As part of Melbourne Distributed Meetup Group, we are hosting this presentation will explore how we added location data to a scalable real-time anomaly detection application, built around Apache Kafka, and Cassandra.
Kafka and Cassandra are designed for time-series data, however, it’s not so obvious how they can process geospatial data. In order to find location-specific anomalies, we need a way to represent locations, index locations, and query locations.
We explore alternative geospatial representations including: Latitude/Longitude points, Bounding Boxes, Geohashes, and go vertical with 3D representations, including 3D Geohashes.
For each representation we also explore possible Cassandra implementations including: Clustering columns, Secondary indexes, Denormalized tables, and the Cassandra Lucene Index Plugin.

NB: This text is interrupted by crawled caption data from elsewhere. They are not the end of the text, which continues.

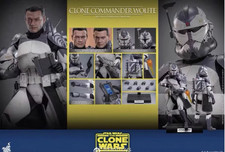 Nuovo Hot Toys TMS141 Star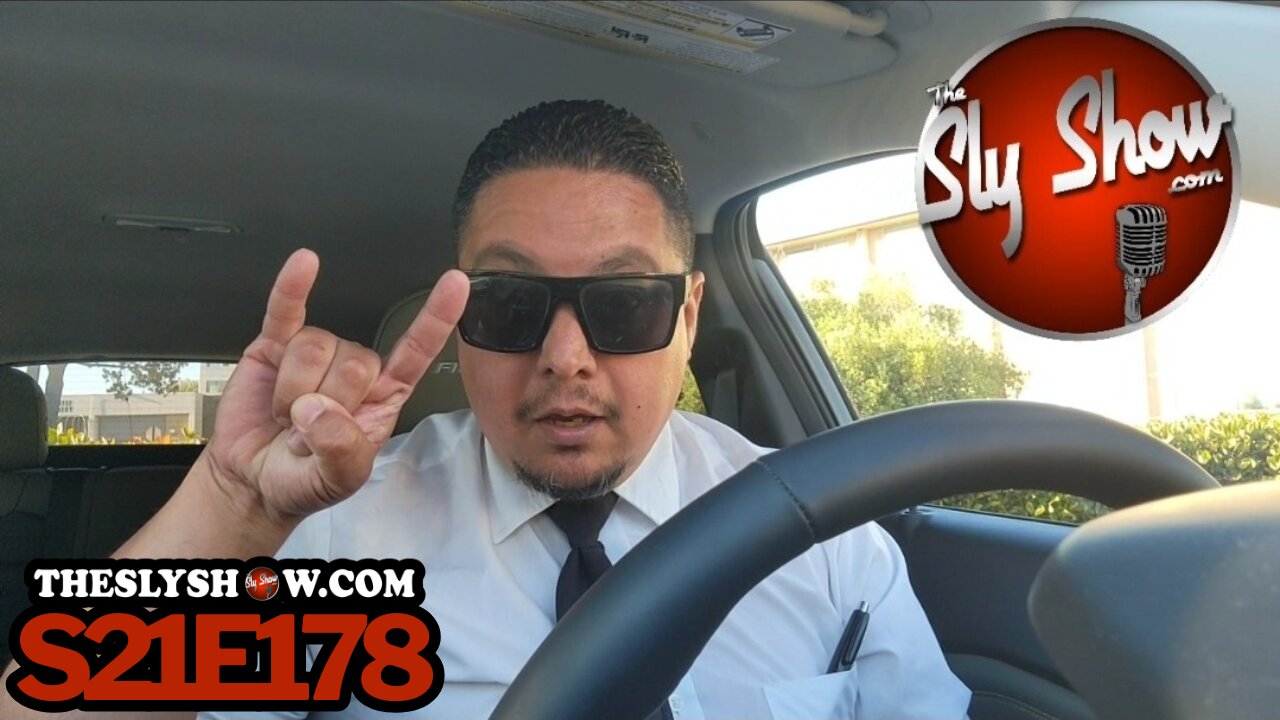 THE SLY SHOW S21E178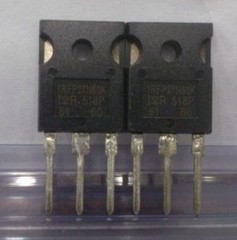 2pcs IRFP27N60K TO-3P Power MOSFET(Vdss=600V RH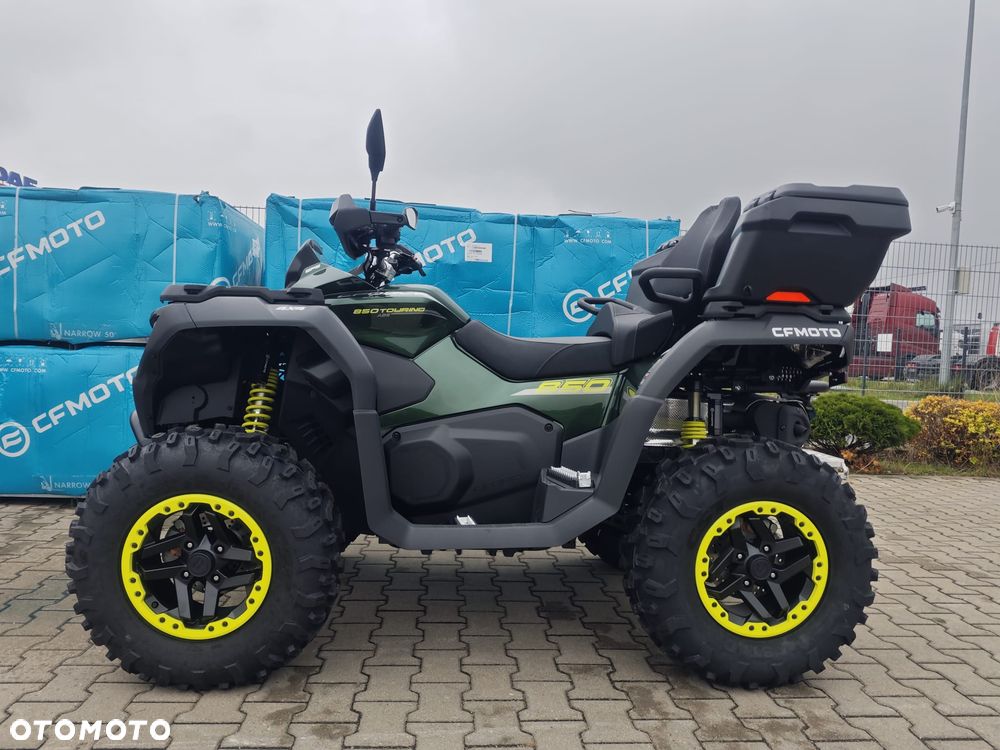 CFMoto CForce - 36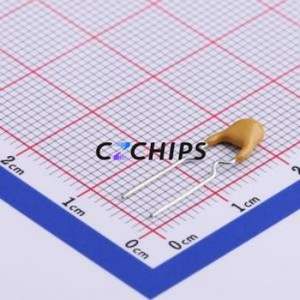 TRA020-1 Resettable Fuse Through hole Component (THT),P=5.1mm Fuse 16V 40A 200mA 400mA - Product Image 2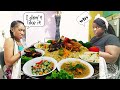 WOULD YOU SEARCH YOUR FIANCE PHONE? W/IANDRA BABOORAM (GIRL POWER/MUKBANG)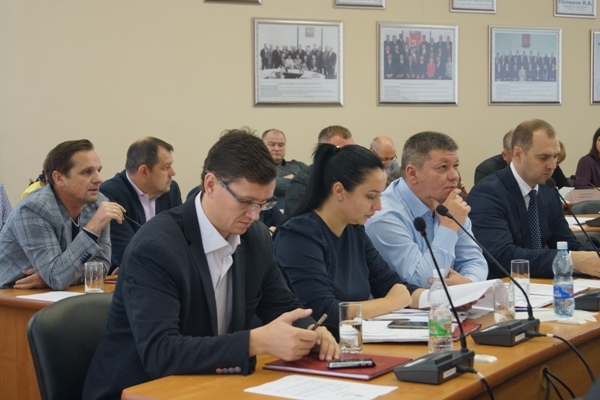 Повышение тарифа на воду согласовали депутаты Дзержинска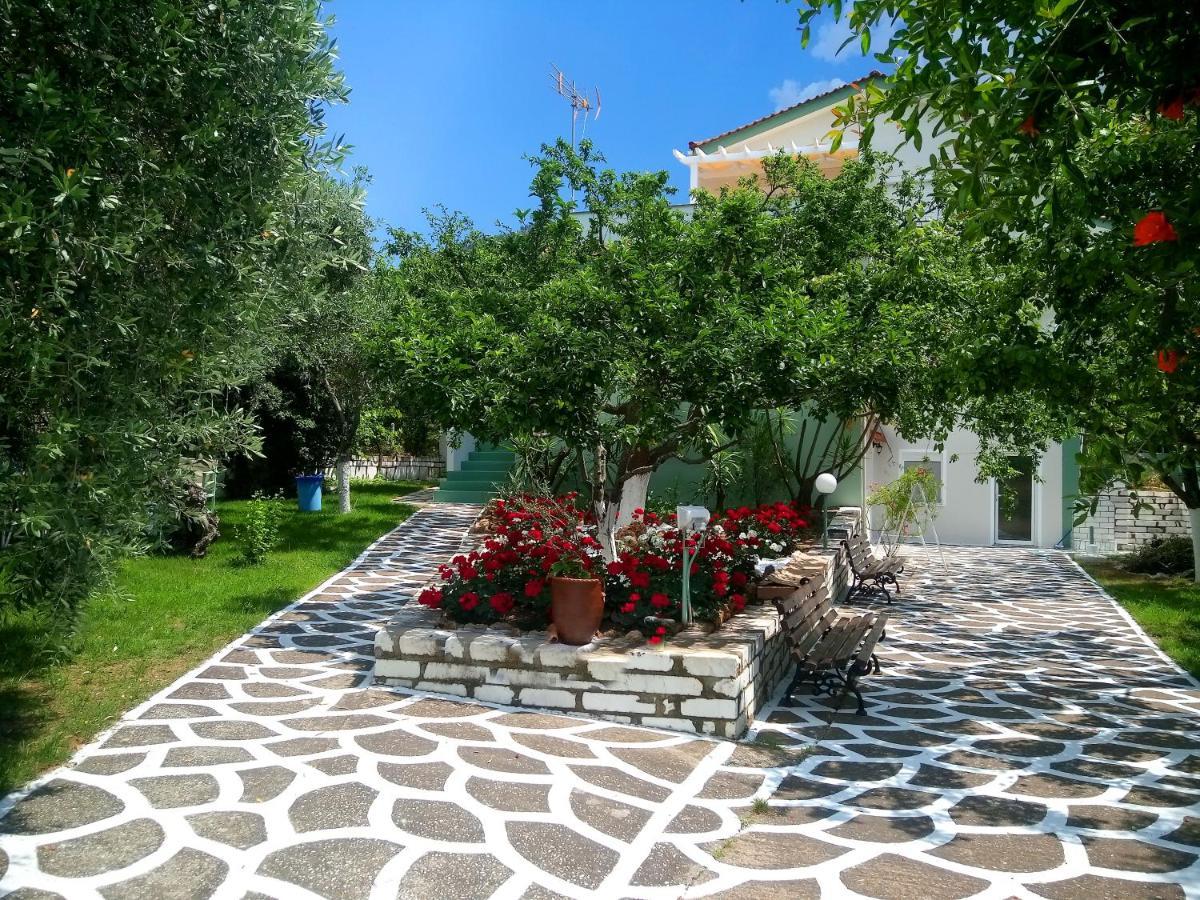 Villa Emilia Pachis  Ngoại thất bức ảnh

To conclude we measure and compare the query throughput of some of the solutions, and summarise the results in terms of accuracy vs. performance to answer the question “Which geospatial data representation and Cassandra implementation is best?
Presenter – Paul Brebner, Technology Evangelist at Instaclustr. Paul has been learning new scalable technologies, solving realistic problems and building applications, and blogging about Apache Cassandra, Spark, and Kafka. Paul has extensive R&D and consulting experience in distributed systems, technology innovation, software architecture and engineering, software performance and scalability, grid and cloud computing, and data analytics and machine learning. Paul has an MSc in Machine Learning and a BSc (Computer Science and Philosophy).